Ministro do Supremo Tribunal Federal, Gilmar MendesMarcelo Camargo / Agência Brasil

O ministro Gilmar Mendes, do Supremo Tribunal Federal (STF), suspendeu ontem à noite todos os processos judiciais — em curso em qualquer instância do Judiciário — que tratem da lei do marco temporal, editada pelo Congresso, em janeiro deste ano, após a Corte máxima declarar inconstitucional a espécie de linha de corte para orientar a demarcação de terras indígenas.
A decisão foi proferida no âmbito de cinco ações no STF, que questionam a lei. Apontando necessidade de "pacificar conflito judicial" em torno da tese do marco temporal, o ministro decidiu abrir um processo de conciliação e mediação sobre o assunto.
O decano do Supremo intimou todas as partes das ações — as entidades que ajuizaram os processos, os chefes dos Poderes Executivo e Legislativo, além da Advocacia-Geral da União e da Procuradoria-Geral da República — para que, em 30 dias, "apresentem propostas no contexto de uma nova abordagem do litígio constitucional discutido nas ações, mediante a utilização de meios consensuais". O despacho foi submetido para referendo do plenário do Supremo.
Ao fundamentar a decisão de suspensão das ações sobre o marco temporal, o decano se disse preocupado com a possibilidade de "sinais aparentemente contraditórios" — teses fixadas pelo Supremo e a lei aprovada pelos parlamentares — "gerarem situação de severa insegurança jurídica".
Prejuízos
"Preocupa-me, em especial, a situação dos processos judiciais que discutem a constitucionalidade da Lei 14.701/2023, pois a indefinição quanto à adequada interpretação constitucional acerca do tema pode levar à prolação de decisões judiciais cuja eventual depuração do ordenamento jurídico, após pronunciamento futuro do Supremo Tribunal Federal, venha a se mostrar impossível, com graves prejuízos às partes envolvidas (comunidades indígenas, entes federativos ou particulares)", afirmou o ministro.
Em janeiro, o Congresso promulgou o complemento da lei do marco temporal para a demarcação de terras indígenas, de 2023. O texto contém trechos que tinham sido vetados pelo presidente Luiz Inácio Lula da Silva.

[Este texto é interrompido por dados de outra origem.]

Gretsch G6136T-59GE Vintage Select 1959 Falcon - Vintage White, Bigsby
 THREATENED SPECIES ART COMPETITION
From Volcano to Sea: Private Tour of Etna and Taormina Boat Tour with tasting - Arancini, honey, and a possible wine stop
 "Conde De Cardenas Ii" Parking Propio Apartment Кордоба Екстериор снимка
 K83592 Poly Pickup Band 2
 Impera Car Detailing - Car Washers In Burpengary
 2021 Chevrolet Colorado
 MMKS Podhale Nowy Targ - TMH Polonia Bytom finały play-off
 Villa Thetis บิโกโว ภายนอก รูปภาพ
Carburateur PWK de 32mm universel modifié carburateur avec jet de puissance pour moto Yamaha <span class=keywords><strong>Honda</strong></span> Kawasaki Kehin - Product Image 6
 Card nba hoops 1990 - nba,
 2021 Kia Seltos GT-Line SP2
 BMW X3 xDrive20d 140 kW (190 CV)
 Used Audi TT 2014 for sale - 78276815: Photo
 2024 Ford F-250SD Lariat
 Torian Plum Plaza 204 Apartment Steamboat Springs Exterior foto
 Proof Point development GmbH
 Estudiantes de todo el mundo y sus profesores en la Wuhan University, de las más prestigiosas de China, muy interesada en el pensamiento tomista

A nova lei só admite a demarcação de terras indígenas que já estavam ocupadas ou eram disputadas pelos povos originários até 5 de outubro de 1988, data da promulgação da Constituição. A lei é defendida pela Frente Parlamentar da Agropecuária (FPA).
Depois da derrubada pelo Congresso dos vetos presidenciais, Lula afirmou que já esperava pela reação dos parlamentares. Ele disse, no entanto, que a medida não precisava ter sido vetada por "questões políticas". "Obviamente que (o Congresso) ia derrubar o veto, é só ver qual é a maioria do Congresso. Era preciso que a sociedade, que a humanidade soubesse que eu vetei o marco temporal que eles aprovaram."
Em 14 de dezembro, o Congresso derrubou o veto de Lula ao tema. Ao todo, o presidente tinha vetado 47 trechos da lei aprovada pelos congressistas. No dia 14, 41 vetos foram rejeitados e seis, mantidos.
O julgamento no Supremo do marco temporal para demarcação de terras indígenas, em setembro do ano passado, foi o estopim para uma crise entre os Poderes.